(Beginning of Source material)
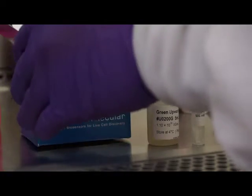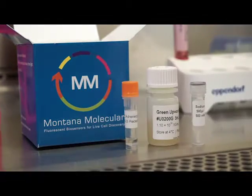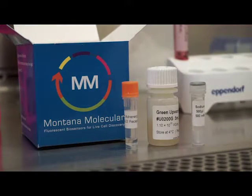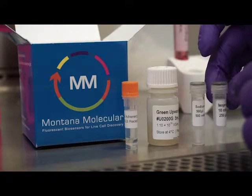The receptor control — in this case the beta-2 adrenergic receptor — can be used to optimize the assay and serve as your positive control. In the CATIS kit, the agonist that activates the receptor control is isoproterenol.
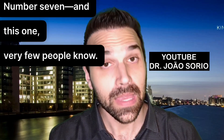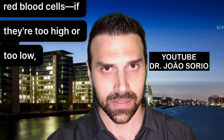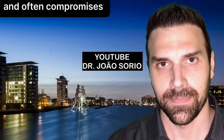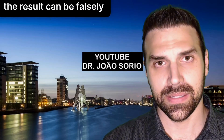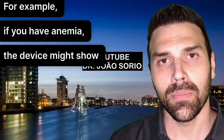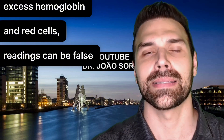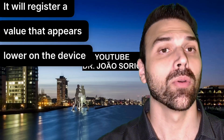Number seven, and very few people know this: hemoglobin levels and hematocrit — red blood cells — if they're too high or too low, like in anemia or thick blood called polycythemia, can alter the result. The proportion of red cells changes and often compromises the reading. In cases of anemia with fewer red blood cells, the result can be falsely elevated — the device might show a higher value than actual.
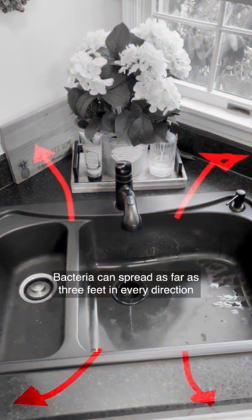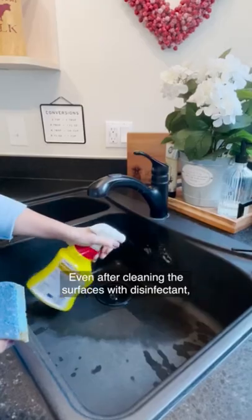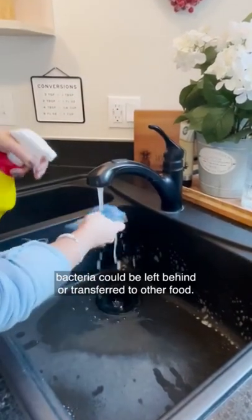Bacteria can spread as far as three feet in every direction when washing chicken. Even after cleaning the surfaces with disinfectant, bacteria could be left behind or transferred to other food.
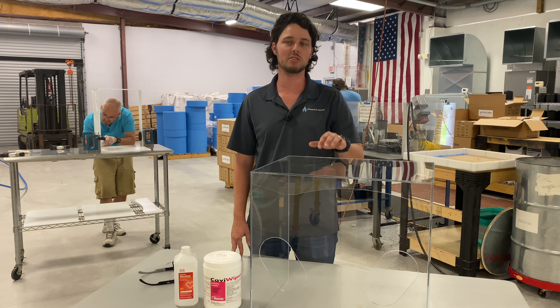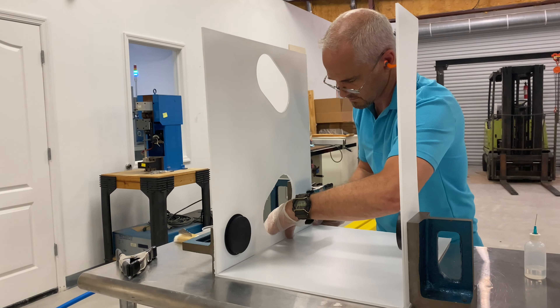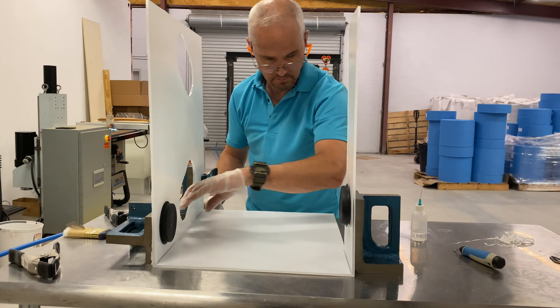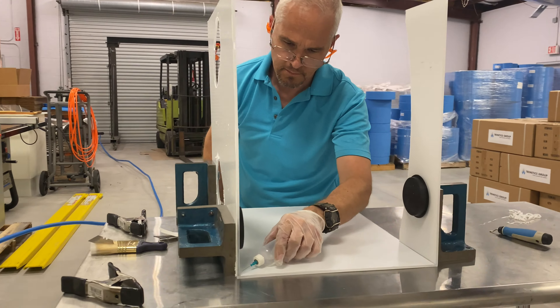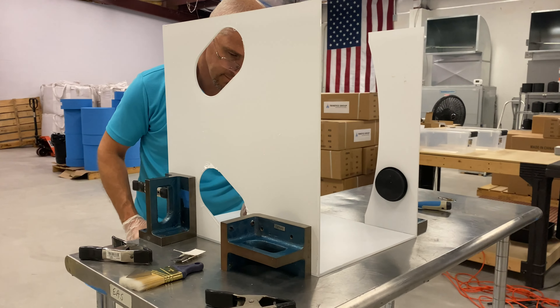We have also begun manufacturing intubation boxes. An intubation box is a simple device that protects healthcare workers during the intubation process. Patients with critical cases of the coronavirus develop acute respiratory distress syndrome and need to be put on a ventilator.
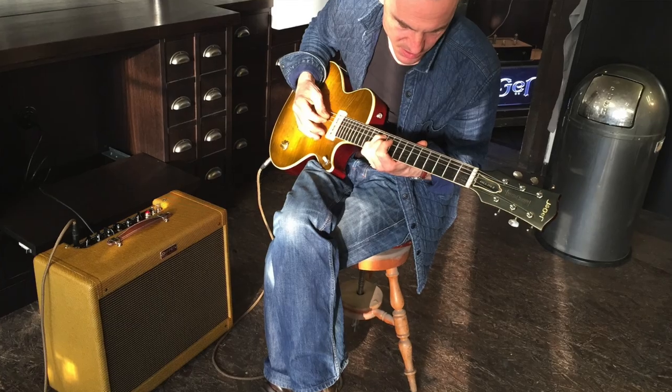Hallo, mein Name ist Udo Pippa und ich stelle euch heute die neue Jäger Propeller Gitarre vor. Florian Jäger ist ein Gitarrenbauer aus Oberstdorf. Ich habe ihn vor ca. 15 Jahren kennengelernt. Damals war er gerade drauf und dran, die mystische Welt der alten Les Pauls zu entdecken. Er hat alles untersucht, was es da zu untersuchen gibt. Und das Resultat war, dass er irgendwann sagte, ich baue jetzt eine eigene Gitarre, aber keine Burst-Replika, sondern ein eigenes Modell. Und daraus wurde die Propeller.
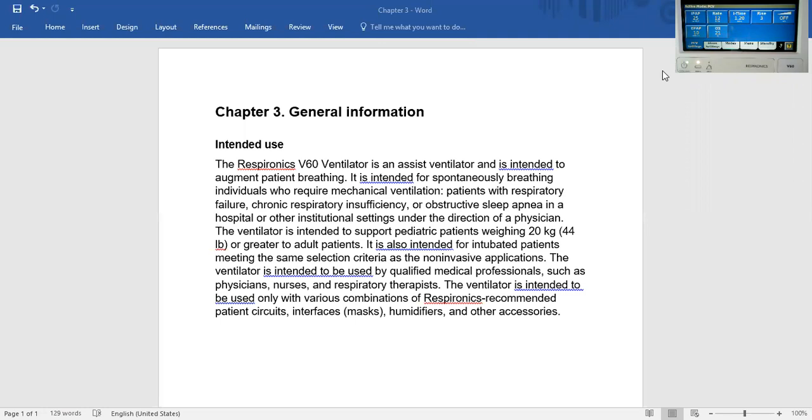It is intended for spontaneously breathing individuals who require mechanical ventilation. It goes on to state it is also intended for intubated patients meeting the same selection criteria as the non-invasive application.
(End of Source material)
Work instructions:
A faithful copy of every entry is needed, omitting each image.

Written answer:
The receptor control — in this case the beta-2 adrenergic receptor — can be used to optimize the assay and serve as your positive control. In the CATIS kit, the agonist that activates the receptor control is isoproterenol.
Number seven, and very few people know this: hemoglobin levels and hematocrit — red blood cells — if they're too high or too low, like in anemia or thick blood called polycythemia, can alter the result. The proportion of red cells changes and often compromises the reading. In cases of anemia with fewer red blood cells, the result can be falsely elevated — the device might show a higher value than actual.
Bacteria can spread as far as three feet in every direction when washing chicken. Even after cleaning the surfaces with disinfectant, bacteria could be left behind or transferred to other food.
We have also begun manufacturing intubation boxes. An intubation box is a simple device that protects healthcare workers during the intubation process. Patients with critical cases of the coronavirus develop acute respiratory distress syndrome and need to be put on a ventilator.
Hallo, mein Name ist Udo Pippa und ich stelle euch heute die neue Jäger Propeller Gitarre vor. Florian Jäger ist ein Gitarrenbauer aus Oberstdorf. Ich habe ihn vor ca. 15 Jahren kennengelernt. Damals war er gerade drauf und dran, die mystische Welt der alten Les Pauls zu entdecken. Er hat alles untersucht, was es da zu untersuchen gibt. Und das Resultat war, dass er irgendwann sagte, ich baue jetzt eine eigene Gitarre, aber keine Burst-Replika, sondern ein eigenes Modell. Und daraus wurde die Propeller.
It is intended for spontaneously breathing individuals who require mechanical ventilation. It goes on to state it is also intended for intubated patients meeting the same selection criteria as the non-invasive application.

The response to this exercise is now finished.